But the greatest of all the May Day 1917 demonstrations – in fact, the mightiest the world had ever known up to then – took place in Russia, where but a year before not a single worker had dared to speak out openly against the war.
The streets of every Russian city were choked with the monster mass outpouring. It was the triumphal celebration of the overthrow of Czarism in February 1917. And it was also a gathering of forces for the final overthrow of Russian capitalism which was to come six months later.
Leon Trotsky, in his History of the Russian Revolution, recorded for all time the description of that historic May Day:
“... All the cities of Russia were drowned in meetings and demonstrations. Not only the industrial enterprises, but the state, city and rural public institutions were closed. In Moghilev, the headquarters of the General Staff, the Cavaliers of St. George marched at the head of the procession. The members of the staff – unremoved czarist generals – marched under May 1 banners. The holiday of proletarian anti-militarism blended with revolution-tinted manifestations of patriotism.
“In both capitals and in the industrial centers the workers dominated the celebration, and amid them the strong nuclei of Bolshevism stood out distinctly with banners, placards, speeches and shouts. Across the immense facade of the Mariinsky Palace, the refuge of the Provisional Government, was stretched a bold red streamer with the words: ‘Long Live The Third International.’ The authorities, not rid of their administrative shyness, could not make up their minds to remove this disagreeable and alarming streamer. Everybody, it seemed, was celebrating. So far as it could the army at the front celebrated. News came of meetings, speeches, banners and revolutionary songs in the trenches, and there were responses from the German side.”

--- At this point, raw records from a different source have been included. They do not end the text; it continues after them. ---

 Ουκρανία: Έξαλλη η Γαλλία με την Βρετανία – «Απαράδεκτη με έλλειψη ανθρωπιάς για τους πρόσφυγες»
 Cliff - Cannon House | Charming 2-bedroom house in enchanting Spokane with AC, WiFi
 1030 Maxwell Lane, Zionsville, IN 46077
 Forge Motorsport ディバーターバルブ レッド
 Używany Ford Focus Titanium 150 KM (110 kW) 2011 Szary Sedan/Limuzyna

The Russian May Day celebration in 1918 included no Czarist generals or capitalist politicians. It was the greatest May Day of all – the first May Day to be observed in a workers’ state, the Soviet Union. The titanic revolution it celebrated had ended the war for the Russian workers and peasants and speeded the end of the entire world war. The capitalist leaders in every land, frightened at the prospect of spreading revolution, patched up their armistice. And the German masses, remembering the slogan of Karl Liebknecht, overthrew the German monarchy and made a heroic but unsuccessful attempt to establish workers’ power.
Not merely in Europe, but in America the spirit of May Day survived the impact of the war. May Day 1917 was marked by tremendous anti-war demonstrations and bitter battles with the police and “patriotic” bosses’ gangs.

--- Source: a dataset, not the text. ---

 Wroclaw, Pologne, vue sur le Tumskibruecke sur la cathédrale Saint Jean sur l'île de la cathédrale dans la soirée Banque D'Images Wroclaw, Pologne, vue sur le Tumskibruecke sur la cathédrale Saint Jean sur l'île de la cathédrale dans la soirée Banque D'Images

The government then prohibited May Day demonstrations in 1918, aided in its attempts to suppress all expression of working-class internationalism by the reformist socialist and labor leaders who supported the war.

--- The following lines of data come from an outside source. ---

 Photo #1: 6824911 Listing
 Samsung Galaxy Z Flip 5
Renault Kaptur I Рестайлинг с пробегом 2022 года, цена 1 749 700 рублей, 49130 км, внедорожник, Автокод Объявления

But once more, in 1919, the workers stormed the streets of he American cities in one of the largest and most militant May Day demonstrations ever held in this country,
As the revolutionary spirit and character of May Day, its flame of proletarian internationalism, burned on through the darkest lays of the last war, so it will continue to burn today. This May Day may be observed in deepest secrecy in the fascist hell-holes of Europe. In the bourgeois democracies it may be perverted by he Social Democrats and Stalinists into a mere jingo rally for “national unity” with capitalist reaction. But the spirit of May Day that lived on through the last war, that broke through the ramparts of imperialism and gave birth to the Soviet Union, will yet triumph. The end of this war is certain to witness a May Day such as the world has never known – marking the victory of the struggle for world socialism.